January 22, 2008
The International Brotherhood of Teamsters and the Business
Travel Coalition, a travel buyer advocacy group, will launch a national
discussion about how U.S. airlines are outsourcing more and more of their vital
repair work to overseas third-party facilities, off-shoring U.S. jobs and
putting the flying public at risk.
The groups will be co-sponsoring the Aircraft Maintenance
Outsourcing Summit from 9:00 a.m. to 12:30 p.m., February 11 at the Omni
Shoreham Hotel in Washington, D.C.
All stakeholders in the outsourcing debate are invited:
passengers, corporate travel buyers, airlines, maintenance technicians, FAA
inspectors and administrators, aircraft maintenance firms and members of
Congress and their staffs.

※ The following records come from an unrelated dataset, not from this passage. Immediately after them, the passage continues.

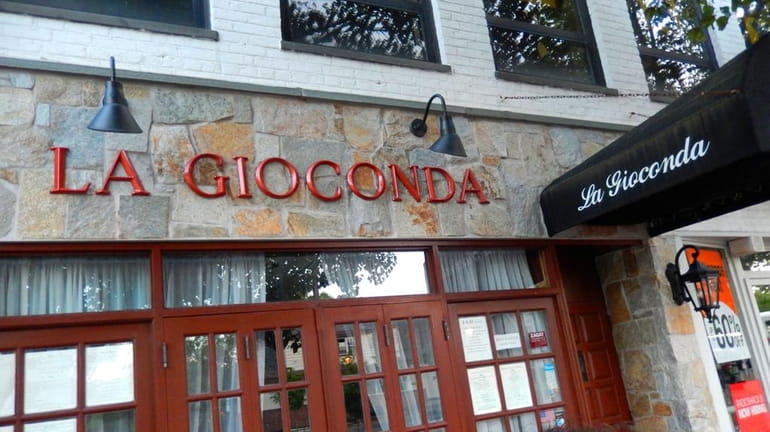 La Gioconda in Great Neck. (May 10, 2013)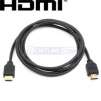 6 Feet HDMI v1.3 Male to Male Digital A/V Cable - 3 Pack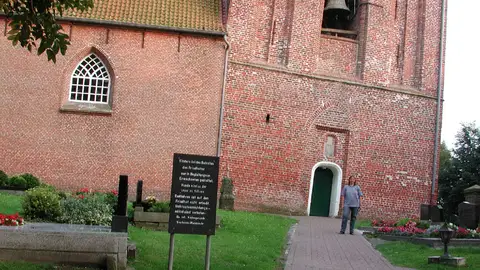 Capilla de Suurhusen Capilla de Suurhusen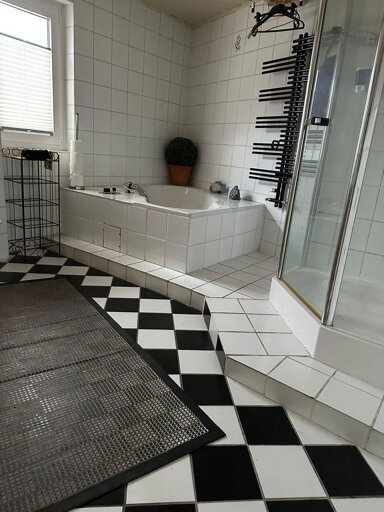 Wohnung zur Miete 1.230 € 5 Zimmer 137 m² EG Sprendlinger Strasse 5 Pfaffen-Schwabenheim 55546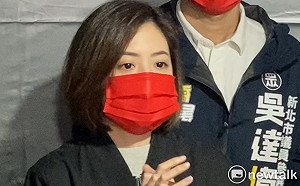 遞辭呈回士林北投耕耘 黃瀞瑩：全心投入選舉、跑地方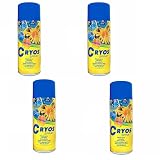 Cloretilo spray farmacia: análisis y comparativa de los mejores productos para tatuajes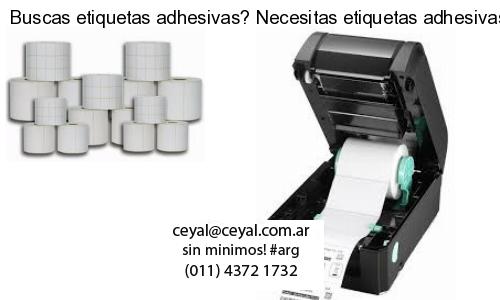 Buscas etiquetas adhesivas? Necesitas etiquetas adhesivas? Necesitas impirmir etiquetas adhesivas
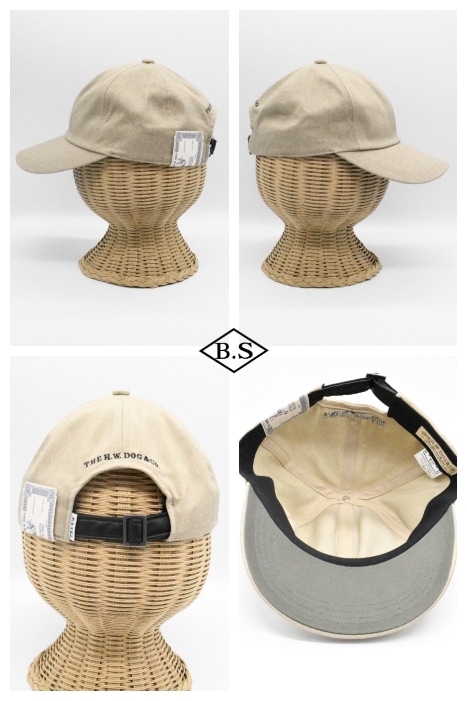 THE H.W.DOG&CO. / ザエイチダブリュードッグアンドコー THE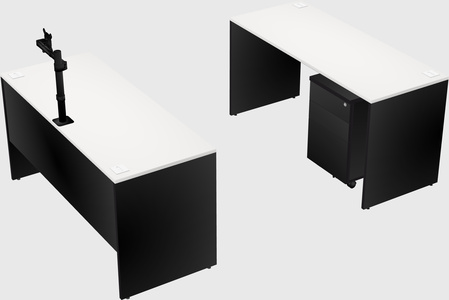 Bureau parallèle
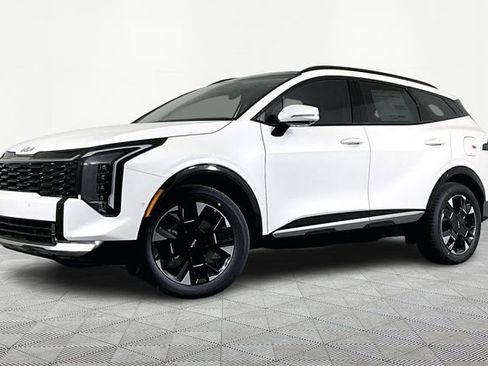 New 2026 Kia Sportage SX Prestige AWD/4WD image 1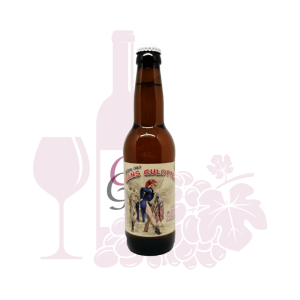 Sans Culottes Blonde Corsée – 33cl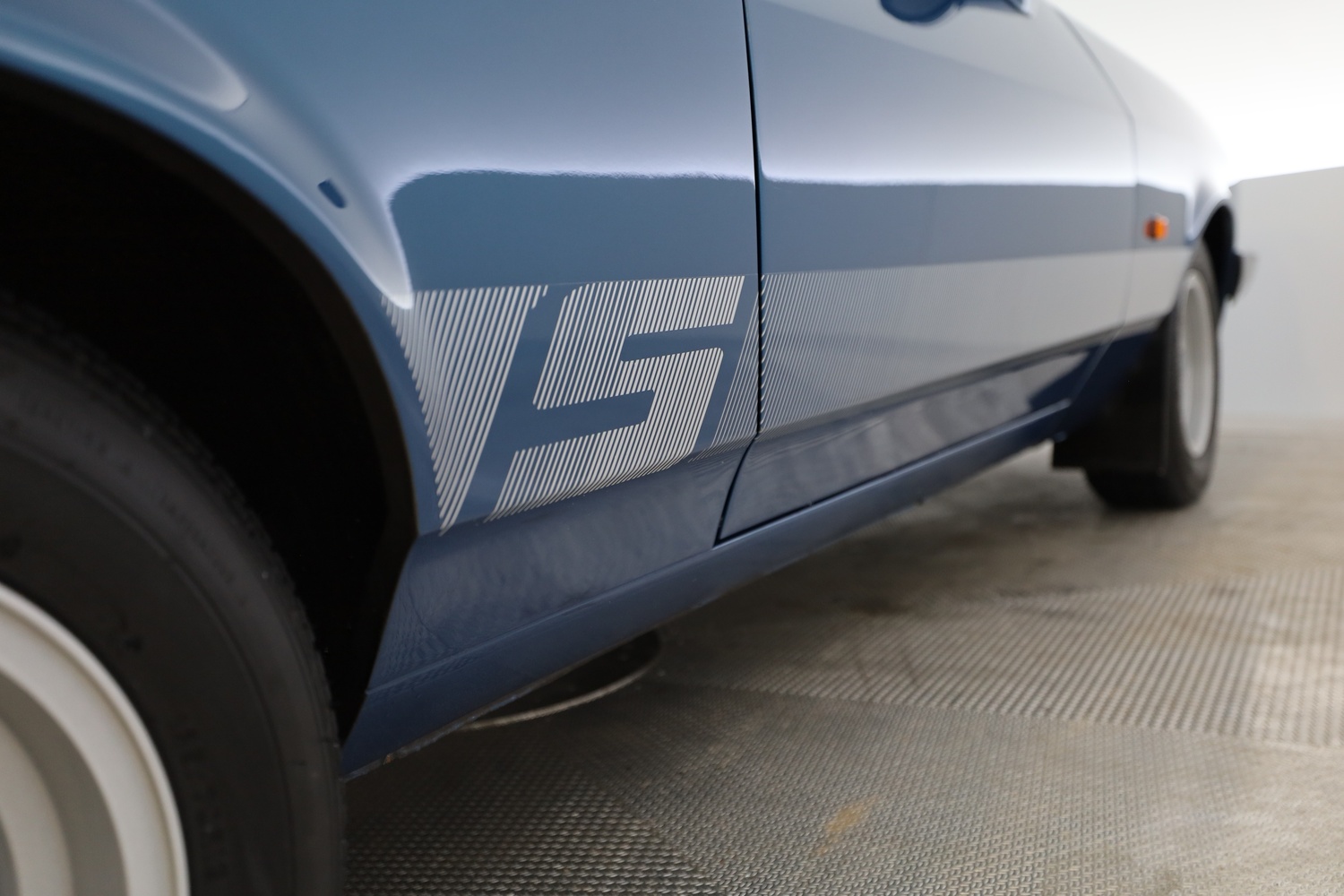 Ford Capri vaihtoauto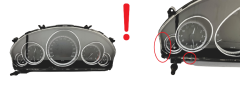 Tachometras Mercedes E W212 A2129004404 VDO
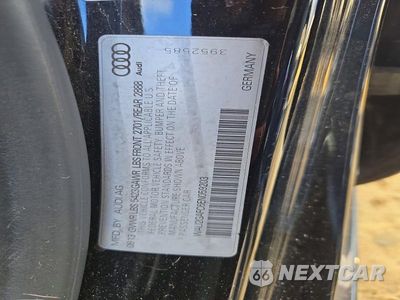 Zdjęcie 12 z 12 samochodu: 2014 AUDI A7 PRESTIGE VIN:WAU2GAFC6EN059203 - miniatura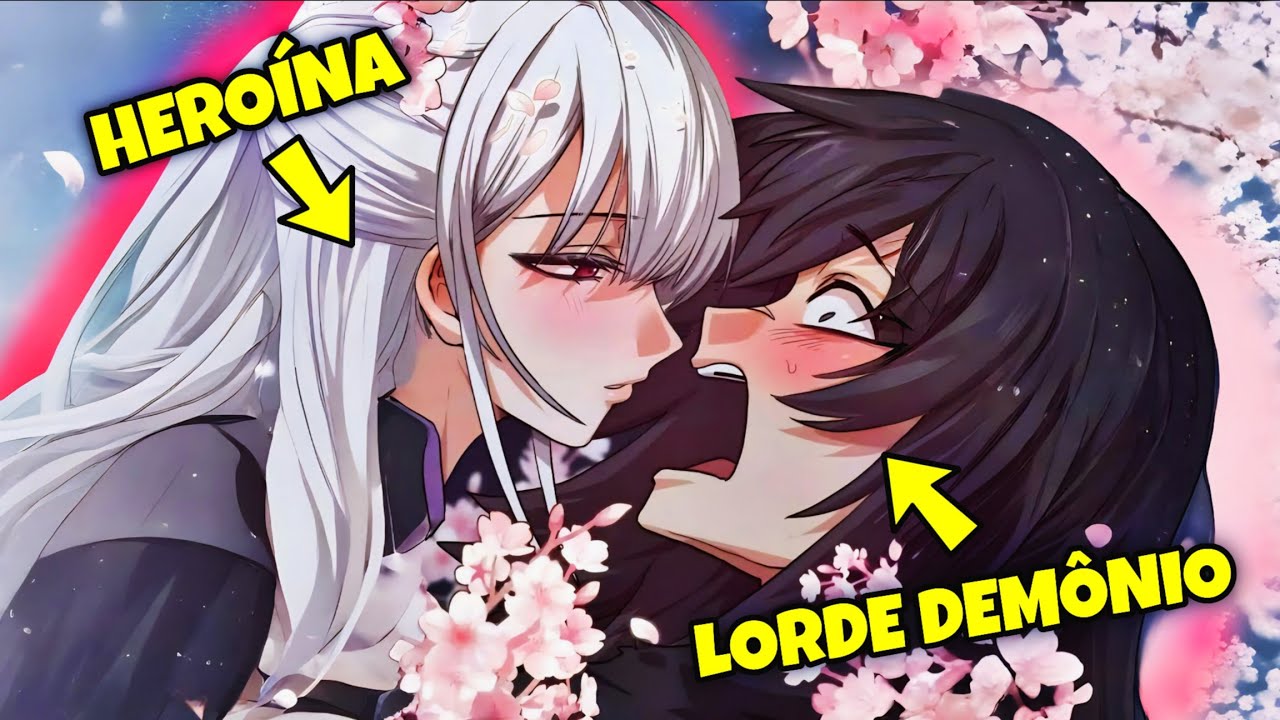 Eles prometeram se CASAR... mas viraram o HER&Oacute;I e o VIL&Atilde;O mais FORTES! manhwa recap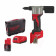 Rivettatrice a batteria Milwaukee miglior prezzo M12 BPRT-201X | Masterfer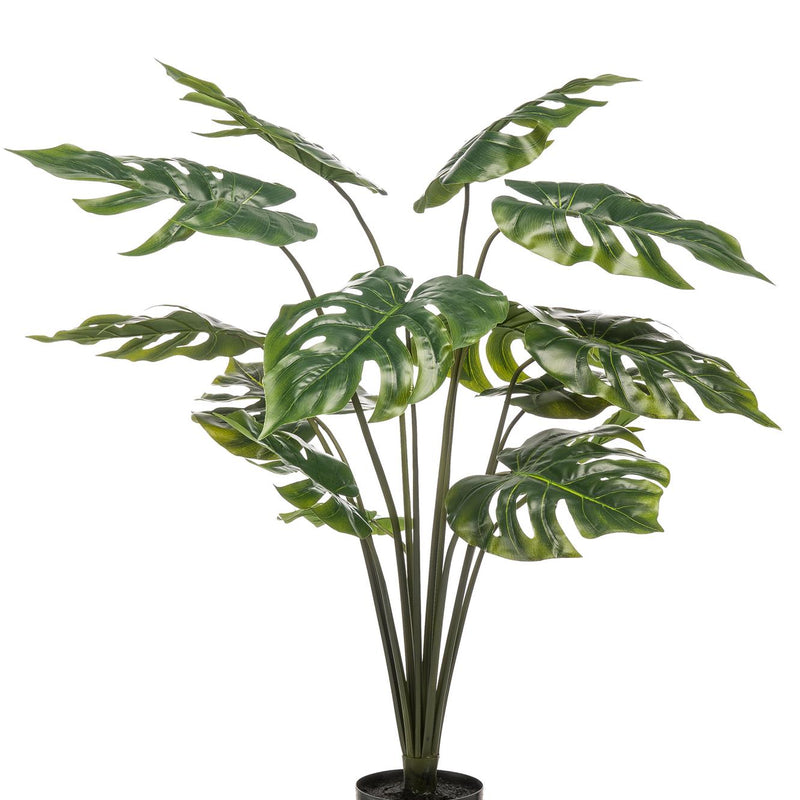Artificial Monstera Deliciosa 95 cm – Realistic Jungle Decor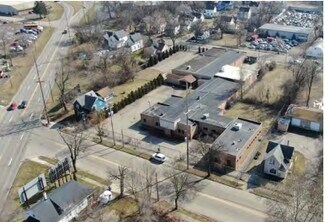 Plus de détails pour 1206 E Crosstown Pky, Kalamazoo, MI - Plusieurs types d'espaces à louer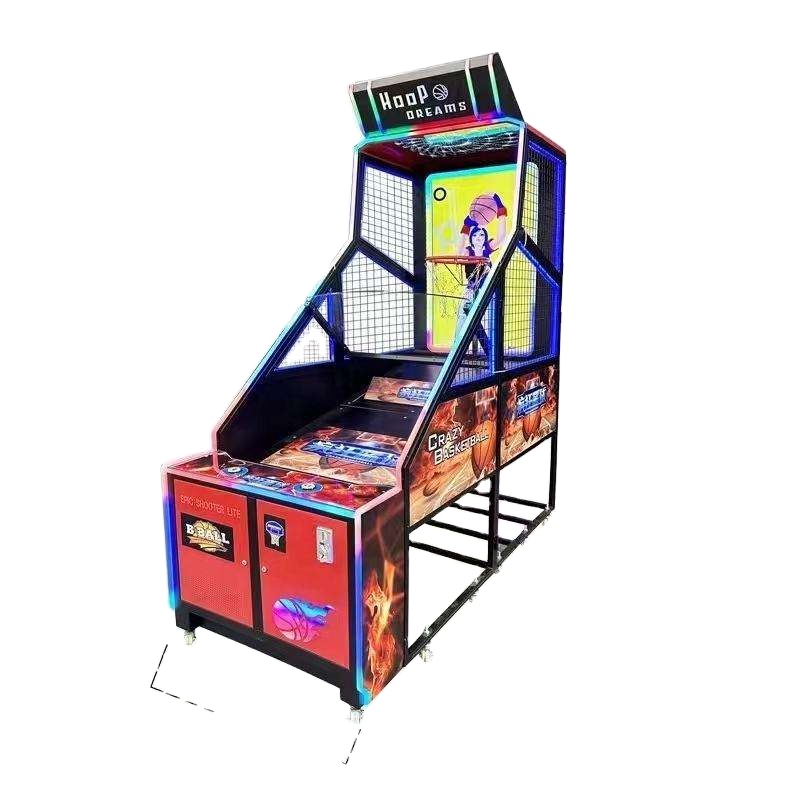 Luksusowa, wewnętrzna gra arca – Lcd Screen Arcade recenzja i cena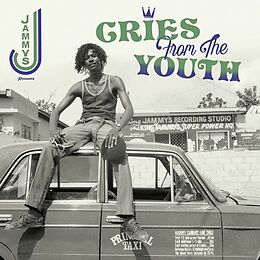 Various Artists - King Jammy CD Cries From The Youth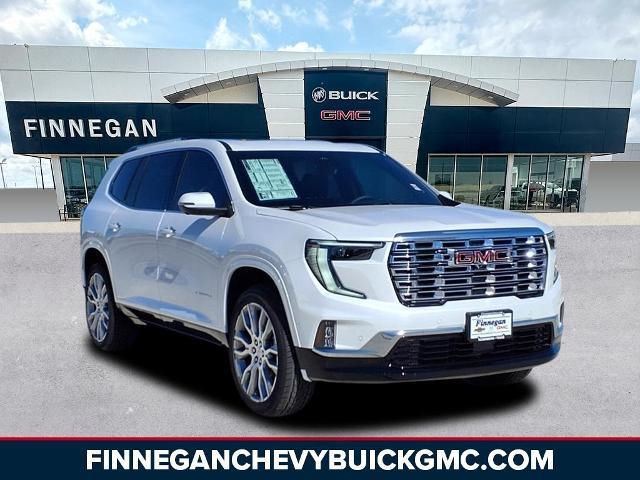 2025 GMC Acadia Vehicle Photo in ROSENBERG, TX 77471-5675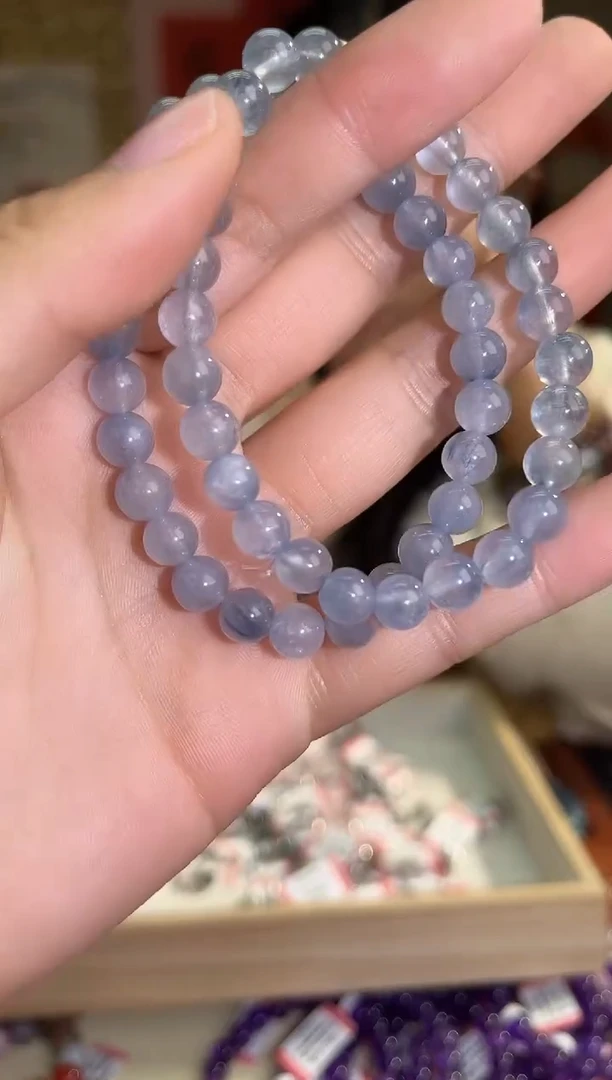 【闪购商品】水晶手链未镶嵌10多样性发其一7+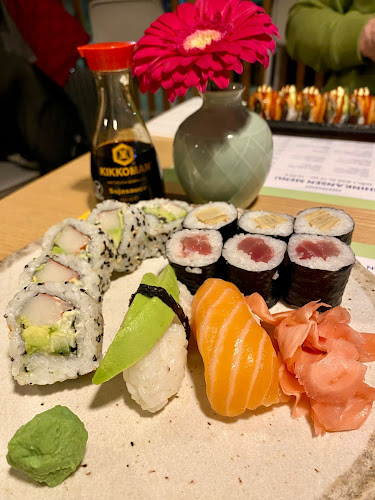 Geisha Sushi Bar - Gastronómia a pohostinstvo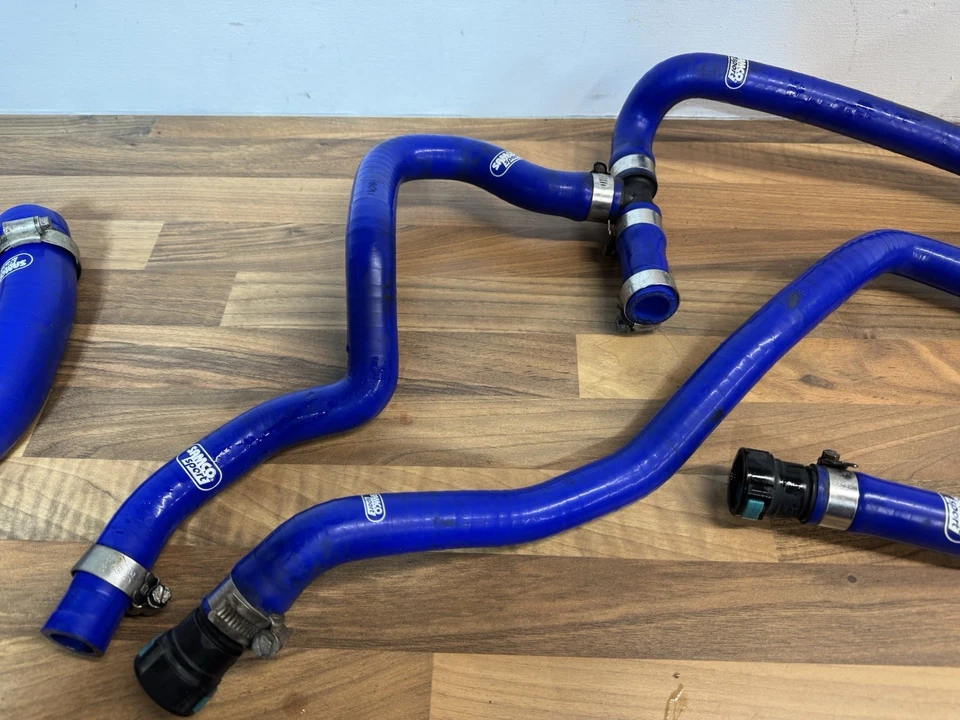 Mangueras de refrigerante Samco Sport para Ford Fiesta ST 150 2.0 Duratec 16v modelo Facelift Foto 3 de 4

Summit proceedings will be broadcast live over the
Internet.
Registration is free
but seating is limited.
Foreign repair facilities in China, South Korea, Singapore,
El Salvador, Mexico and the Philippines do not follow the same safety and
security rules U.S. facilities must follow. They aren’t required to hire
FAA-certificated mechanics, perform criminal background checks, or have their
mechanics pass alcohol and drug testing.
Outsourcing airplane repairs to unskilled,
non-FAA-certificated mechanics not only destroys good-paying jobs in America, it
also endangers passengers.
Outsourcing has also been tied to flight delays and
cancellations.
The Summit will examine the risks of outsourcing and explore
potential solutions.
It will feature expert panels and keynote addresses from
Teamsters General President Jim Hoffa, industry and government leaders.